To the tune of Give Peace a Chance...
All chaps are assless, or else they're just pants.


----------



## Manly (May 4, 2018)

blacktail said:


> To the tune of Give Peace a Chance...
> All chaps are assless, or else they're just pants.



Technically you are correct blackmale. The term assless chaps is a local colloquialism we use here to describe the wearing of chaps with nothing underneath them. This style is often seen in the woods during the warmer cutting season as well as in the bars and clubs after a long day of cutting and bucking. It is somewhat of an oxymoron term since assless would seem to indicate no buttocks yet with this style you get full buttock exposure, and often more depending on your style. I hope this explanation clears up any confusion.


----------



## Happy Stacker (May 4, 2018)

Manly said:


> Technically you are correct blackmale.  This style is often seen in the woods during the warmer cutting season as well as in the bars and clubs after a long day of cutting and bucking.
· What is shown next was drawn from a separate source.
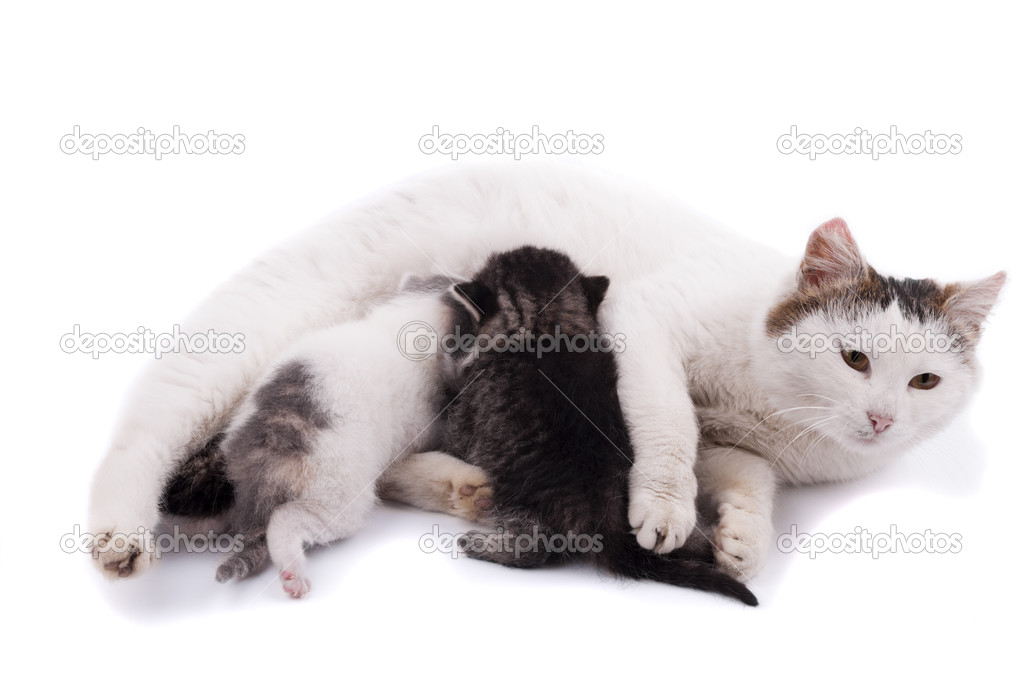 Cat feeding kittens.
Those bars sound a little too MANLY for me...


----------



## Manly (May 4, 2018)

Happy Stacker said:


> Those bars sound a little too MANLY for me...
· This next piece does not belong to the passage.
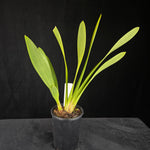 Cymbidium Black Stump '63 not out'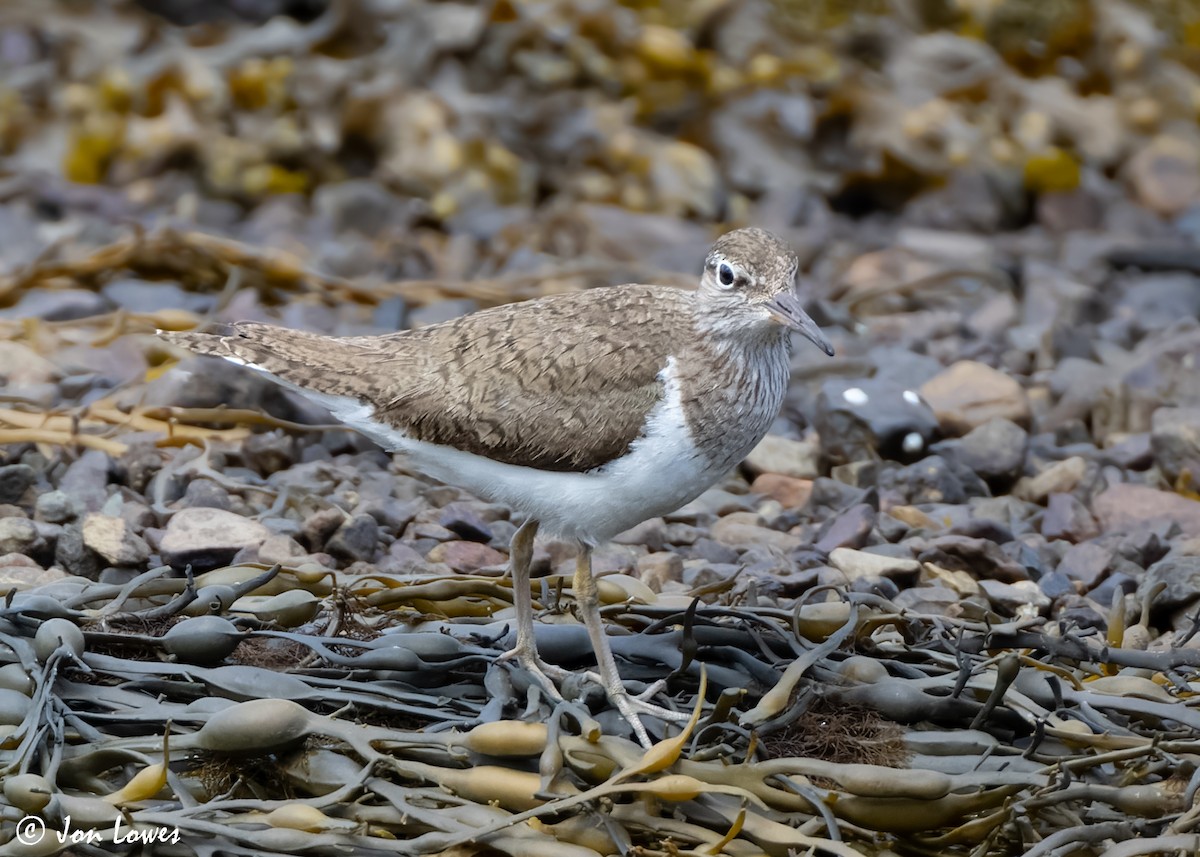 strandsnipe - ML620538857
I will say some of the local bars here are pretty rough. You’ve got to watch your butt and watch what you say. Some of these guys will ride you pretty hard if you give them an opening. Definitely a totesterone fueled atmosphere. Think biker bar but filled with a whole lot of Frenchman. Don’t take that the wrong way. I have nothing against Frenchman, my sister knew one once. Anywho during cutting season these local bars are the place to be after a hard day of cutting and bucking. Grab a cold one, relax and loosen up your chaps. Just make sure you watch your butt.


----------



## johneh (May 4, 2018)

Manly said:


> Technically you are correct blackmale. The term assless chaps is a local colloquialism we use here to describe the wearing of chaps with nothing underneath them. This style is often seen in the woods during the warmer cutting season as well as in the bars and clubs after a long day of cutting and bucking. It is somewhat of an oxymoron term since assless would seem to indicate no buttocks yet with this style you get full buttock exposure, and often more depending on your style. I hope this explanation clears up any confusion.




Personal experience ????


----------



## Happy Stacker (May 4, 2018)

johneh said:


> Personal experience ????


----------



## Manly (May 5, 2018)

Pretty vague question regarding experience. I do have a lot of experience with chain saws and associated PPE (personal protection equipment for those north of the Whitehead Bridge). I have also spent many an evening in some of roughest and toughest hell hole gin mills known to man, filled with loggers, stumpers, millers and Frenchmen. If you make the choice to enter one of these dens of desperadoes, you best know how to lace your chaps. So yes I do have a lot of field and life experience when it comes to all things outdoors, fashion and manliness. I will admit I am not very savvy at dealing with the local Frenchman contingent. They seem a little odd at times. When I was a child my Grandmother once told me, “Young Manly, the French are funny, they fight with their feet and fornicate with their face.” Now I don’t know this to be true nor do I mean to disparage French. I just don’t know the local populace all that well. But hey, I digress and I don’t want you to turn this thread into some kind of personal vendetta against an immigrant group that may look and talk funny, but are here to earn a living like everyone else. Be more tolerant, always wear your PPE and keep your chaps laced tight.   Manly


----------



## greg13 (May 6, 2018)

.....Or his wife gave him an option.


----------



## rowerwet (May 9, 2018)

DIY vasectomy


----------



## Manly (May 9, 2018)

rowerwet said:


> DIY vasectomy



Nah! He's good. The brake is on.


----------



## sportbikerider78 (May 9, 2018)

Manly said:


> Technically you are correct blackmale. The term assless chaps is a local colloquialism we use here to describe the wearing of chaps with nothing underneath them. This style is often seen in the woods during the warmer cutting season as well as in the bars and clubs after a long day of cutting and bucking. It is somewhat of an oxymoron term since assless would seem to indicate no buttocks yet with this style you get full buttock exposure, and often more depending on your style. I hope this explanation clears up any confusion.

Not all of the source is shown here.